Sunday, December 20, 2015

Ynot vs. IAC (G.R. No. 74457)



Facts:
In 1980 President Marcos amended Executive Order No. 626-A which orders that no carabao and carabeef shall be transported from one province to another; such violation shall be subject to confiscation and forfeiture by the government, to be distributed to charitable institutions and other similar institutions as the Chairman of the National Meat Inspection Commission may see fit for the carabeef and to deserving farmers through dispersal as the Director of Animal Industry may see fit in the case of the carabaos.

On January 13, 1984, Petitioner’s 6 carabaos were confiscated by the police station commander of Barotac Nuevo, Iloilo for having been transported from Masbate to Iloilo in violation of EO 626-A. He issued a writ for replevin, challenging the constitutionality of said EO. The trial court sustained the confiscation of the animals and declined to rule on the validity of the law on the ground that it lacked authority to do so. Its decision was affirmed by the IAC.Hence, this petition for review filed by Petitioner.

Issue:
Whether or not the said Executive Order is unconstitutional.

Held:
SC ruled that while there is a lawful subject, there was no lawful method. The EO imposes on the absolute ban not on the slaughter of carabaos but on their movement, providing that no carabao and carabeef should be transported from one province to another the purpose of which is to protect the community from the loss of the services of such animals by their slaughter. SC said that the reasonable connection between the means employed and the purpose sought to be achieved by the questioned measure is missing. They cannot see how the prohibition of the inter-provincial transport of carabaos can prevent their indiscriminate slaughter considering that they can be killed anywhere.
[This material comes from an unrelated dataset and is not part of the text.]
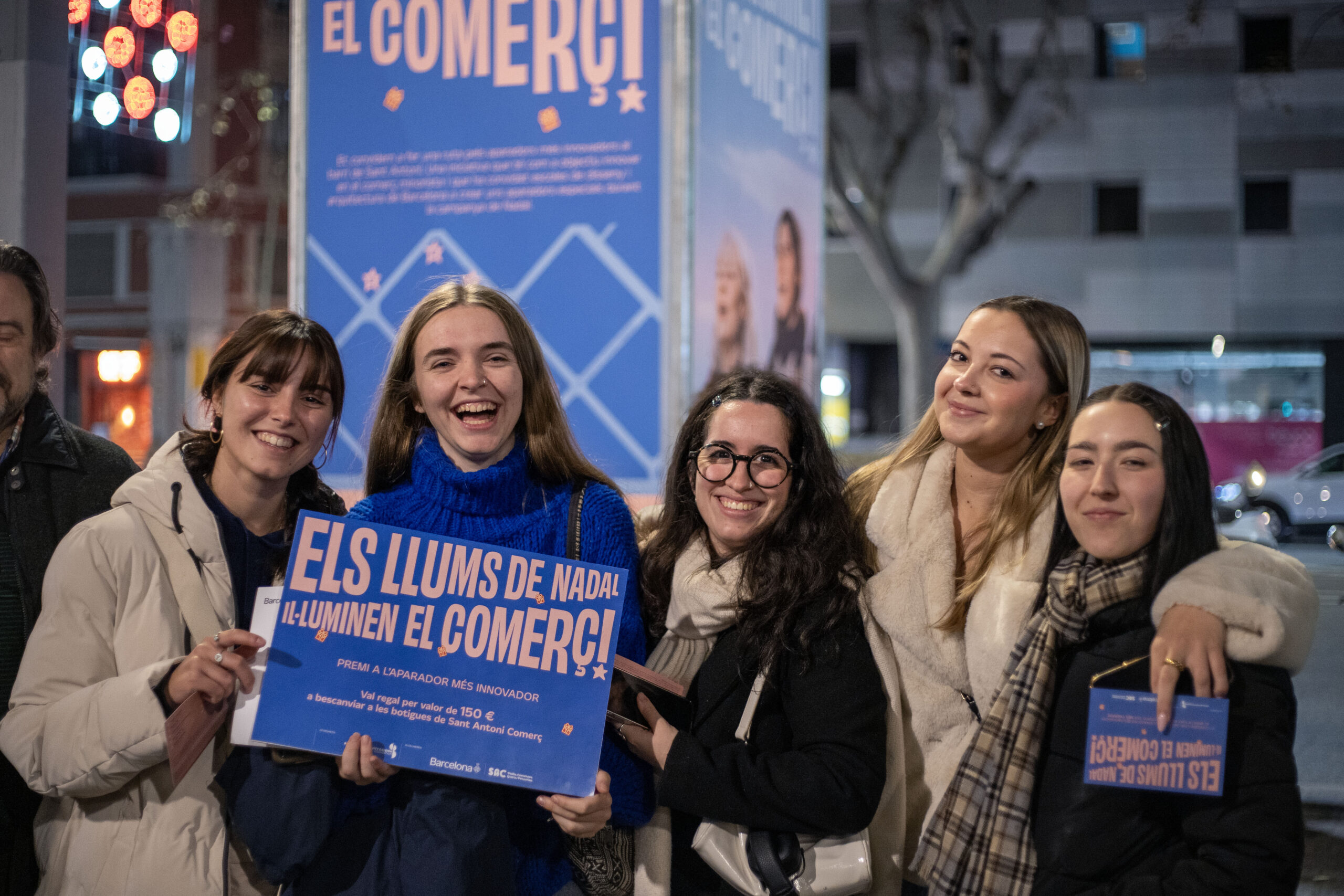La farmacia P. Balañá Vives y Fil i Fet, escaparates ganadores de “Las luces de Navidad iluminan el comercio” en Sant Antoni y el Poble-sec La farmacia P. Balañá Vives y Fil i Fet, escaparates ganadores de “Las luces de Navidad iluminan el comercio” en Sant Antoni y el Poble-sec | Barcelona Creativity & Design Foundation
The EO is also unconstitutional as there was outright confiscation of carabaos without according the owner the right to be heard before a competent and impartial court. There certainly was no reason why the offense prohibited by the EO should not have been proved first in a court of justice, with the accused being accorded all the rights safeguarded to him under the Constitution. The EO is penal in nature, the violation should have been pronounced not by the police only but by a court of justice, which alone would have had the authority to impose the prescribed penalty, and only after trial and conviction of the accused. 

Wherefore, the EO is unconstitutional.